### WORK INSTRUCTIONS
Nothing but the lines from the top of the following entries through the line with "従来の健康診断だけに頼らない 圧倒的に楽で確実な運転手さん健康管理方法" should be printed, exactly as they are.

*** RECORDED INFORMATION Section Begins ***

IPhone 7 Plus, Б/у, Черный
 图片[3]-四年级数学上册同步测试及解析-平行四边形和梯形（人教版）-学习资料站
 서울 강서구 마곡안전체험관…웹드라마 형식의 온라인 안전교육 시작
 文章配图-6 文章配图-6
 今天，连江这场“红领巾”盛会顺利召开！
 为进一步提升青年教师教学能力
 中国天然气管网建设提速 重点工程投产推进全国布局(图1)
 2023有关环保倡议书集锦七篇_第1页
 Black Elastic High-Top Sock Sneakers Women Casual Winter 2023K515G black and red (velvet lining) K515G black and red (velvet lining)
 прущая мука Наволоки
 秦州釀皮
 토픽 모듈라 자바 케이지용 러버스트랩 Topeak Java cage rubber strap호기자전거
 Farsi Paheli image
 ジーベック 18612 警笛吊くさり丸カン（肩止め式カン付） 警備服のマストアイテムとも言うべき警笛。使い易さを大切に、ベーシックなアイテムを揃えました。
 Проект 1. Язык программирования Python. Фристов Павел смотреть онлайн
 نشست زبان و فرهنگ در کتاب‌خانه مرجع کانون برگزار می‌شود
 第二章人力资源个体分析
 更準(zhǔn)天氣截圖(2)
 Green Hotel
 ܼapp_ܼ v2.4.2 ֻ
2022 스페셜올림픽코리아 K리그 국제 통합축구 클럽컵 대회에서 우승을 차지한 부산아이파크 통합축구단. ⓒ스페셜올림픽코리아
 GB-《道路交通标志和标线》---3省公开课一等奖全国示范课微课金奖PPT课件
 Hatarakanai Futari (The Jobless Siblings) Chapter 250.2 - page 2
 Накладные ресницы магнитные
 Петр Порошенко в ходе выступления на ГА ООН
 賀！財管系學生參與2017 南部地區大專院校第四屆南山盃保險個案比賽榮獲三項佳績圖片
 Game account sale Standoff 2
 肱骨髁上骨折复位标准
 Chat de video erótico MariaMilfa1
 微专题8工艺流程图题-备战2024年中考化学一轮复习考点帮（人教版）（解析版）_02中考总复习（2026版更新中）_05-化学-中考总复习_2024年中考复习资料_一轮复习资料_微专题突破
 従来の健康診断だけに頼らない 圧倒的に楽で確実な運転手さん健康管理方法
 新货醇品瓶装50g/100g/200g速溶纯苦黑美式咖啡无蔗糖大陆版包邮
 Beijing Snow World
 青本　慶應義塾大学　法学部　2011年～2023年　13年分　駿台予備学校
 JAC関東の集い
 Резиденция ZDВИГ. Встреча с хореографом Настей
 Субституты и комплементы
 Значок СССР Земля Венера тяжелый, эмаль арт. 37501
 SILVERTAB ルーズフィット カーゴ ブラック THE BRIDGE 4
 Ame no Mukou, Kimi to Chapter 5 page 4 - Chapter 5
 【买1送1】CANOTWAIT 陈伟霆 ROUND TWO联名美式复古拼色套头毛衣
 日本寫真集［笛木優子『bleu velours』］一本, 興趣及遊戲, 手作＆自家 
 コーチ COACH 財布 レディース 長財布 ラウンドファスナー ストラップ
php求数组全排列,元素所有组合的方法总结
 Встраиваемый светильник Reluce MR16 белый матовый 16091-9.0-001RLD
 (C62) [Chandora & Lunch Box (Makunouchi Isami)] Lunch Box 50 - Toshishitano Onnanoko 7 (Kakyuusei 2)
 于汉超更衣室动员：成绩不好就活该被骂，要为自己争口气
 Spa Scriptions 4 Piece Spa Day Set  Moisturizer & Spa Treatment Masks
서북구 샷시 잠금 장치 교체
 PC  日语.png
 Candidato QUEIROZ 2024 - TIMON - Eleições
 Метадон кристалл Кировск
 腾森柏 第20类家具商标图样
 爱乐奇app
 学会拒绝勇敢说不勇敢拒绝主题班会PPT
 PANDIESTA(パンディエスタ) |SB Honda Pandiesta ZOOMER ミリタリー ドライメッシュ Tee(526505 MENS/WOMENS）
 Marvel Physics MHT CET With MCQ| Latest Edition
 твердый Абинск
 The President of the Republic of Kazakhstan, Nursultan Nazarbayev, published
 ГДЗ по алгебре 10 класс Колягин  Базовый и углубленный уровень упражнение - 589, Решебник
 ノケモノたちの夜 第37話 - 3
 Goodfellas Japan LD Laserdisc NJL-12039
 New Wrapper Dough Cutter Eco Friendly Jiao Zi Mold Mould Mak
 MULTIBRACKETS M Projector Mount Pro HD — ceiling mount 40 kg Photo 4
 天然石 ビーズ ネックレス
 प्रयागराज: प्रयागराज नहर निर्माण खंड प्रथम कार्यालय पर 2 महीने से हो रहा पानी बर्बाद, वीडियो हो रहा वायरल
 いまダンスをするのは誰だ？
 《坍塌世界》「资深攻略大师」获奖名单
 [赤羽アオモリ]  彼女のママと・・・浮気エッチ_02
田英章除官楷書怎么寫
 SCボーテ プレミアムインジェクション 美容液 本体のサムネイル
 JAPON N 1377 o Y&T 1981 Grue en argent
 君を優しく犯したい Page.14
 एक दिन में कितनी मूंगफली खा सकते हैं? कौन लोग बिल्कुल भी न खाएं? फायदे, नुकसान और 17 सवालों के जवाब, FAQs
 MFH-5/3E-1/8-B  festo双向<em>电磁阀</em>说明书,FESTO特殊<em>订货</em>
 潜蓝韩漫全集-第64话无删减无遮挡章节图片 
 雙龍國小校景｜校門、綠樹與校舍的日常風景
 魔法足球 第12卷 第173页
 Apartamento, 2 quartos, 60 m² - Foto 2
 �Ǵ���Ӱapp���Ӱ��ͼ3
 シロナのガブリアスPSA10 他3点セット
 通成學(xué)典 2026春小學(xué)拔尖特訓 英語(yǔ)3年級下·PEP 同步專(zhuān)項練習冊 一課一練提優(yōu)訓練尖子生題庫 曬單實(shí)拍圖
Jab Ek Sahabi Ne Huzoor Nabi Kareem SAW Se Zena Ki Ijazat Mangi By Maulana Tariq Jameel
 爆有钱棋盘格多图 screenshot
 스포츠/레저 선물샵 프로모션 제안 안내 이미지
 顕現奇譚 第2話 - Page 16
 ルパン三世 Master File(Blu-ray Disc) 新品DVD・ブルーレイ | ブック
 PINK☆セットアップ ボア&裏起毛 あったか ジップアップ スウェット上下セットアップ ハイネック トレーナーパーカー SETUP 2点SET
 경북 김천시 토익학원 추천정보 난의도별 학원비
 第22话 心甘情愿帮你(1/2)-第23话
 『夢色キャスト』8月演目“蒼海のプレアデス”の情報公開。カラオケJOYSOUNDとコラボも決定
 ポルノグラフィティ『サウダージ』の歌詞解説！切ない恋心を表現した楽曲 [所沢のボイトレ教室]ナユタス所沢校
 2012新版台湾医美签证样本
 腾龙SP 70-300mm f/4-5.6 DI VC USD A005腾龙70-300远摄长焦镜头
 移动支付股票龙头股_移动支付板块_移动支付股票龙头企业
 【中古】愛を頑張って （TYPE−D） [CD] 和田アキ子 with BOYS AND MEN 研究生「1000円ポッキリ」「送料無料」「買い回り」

*** RECORDED INFORMATION Section Ends ***

### RESPONSE BOX
IPhone 7 Plus, Б/у, Черный
 图片[3]-四年级数学上册同步测试及解析-平行四边形和梯形（人教版）-学习资料站
 서울 강서구 마곡안전체험관…웹드라마 형식의 온라인 안전교육 시작
 文章配图-6 文章配图-6
 今天，连江这场“红领巾”盛会顺利召开！
 为进一步提升青年教师教学能力
 中国天然气管网建设提速 重点工程投产推进全国布局(图1)
 2023有关环保倡议书集锦七篇_第1页
 Black Elastic High-Top Sock Sneakers Women Casual Winter 2023K515G black and red (velvet lining) K515G black and red (velvet lining)
 прущая мука Наволоки
 秦州釀皮
 토픽 모듈라 자바 케이지용 러버스트랩 Topeak Java cage rubber strap호기자전거
 Farsi Paheli image
 ジーベック 18612 警笛吊くさり丸カン（肩止め式カン付） 警備服のマストアイテムとも言うべき警笛。使い易さを大切に、ベーシックなアイテムを揃えました。
 Проект 1. Язык программирования Python. Фристов Павел смотреть онлайн
 نشست زبان و فرهنگ در کتاب‌خانه مرجع کانون برگزار می‌شود
 第二章人力资源个体分析
 更準(zhǔn)天氣截圖(2)
 Green Hotel
 ܼapp_ܼ v2.4.2 ֻ
2022 스페셜올림픽코리아 K리그 국제 통합축구 클럽컵 대회에서 우승을 차지한 부산아이파크 통합축구단. ⓒ스페셜올림픽코리아
 GB-《道路交通标志和标线》---3省公开课一等奖全国示范课微课金奖PPT课件
 Hatarakanai Futari (The Jobless Siblings) Chapter 250.2 - page 2
 Накладные ресницы магнитные
 Петр Порошенко в ходе выступления на ГА ООН
 賀！財管系學生參與2017 南部地區大專院校第四屆南山盃保險個案比賽榮獲三項佳績圖片
 Game account sale Standoff 2
 肱骨髁上骨折复位标准
 Chat de video erótico MariaMilfa1
 微专题8工艺流程图题-备战2024年中考化学一轮复习考点帮（人教版）（解析版）_02中考总复习（2026版更新中）_05-化学-中考总复习_2024年中考复习资料_一轮复习资料_微专题突破
 従来の健康診断だけに頼らない 圧倒的に楽で確実な運転手さん健康管理方法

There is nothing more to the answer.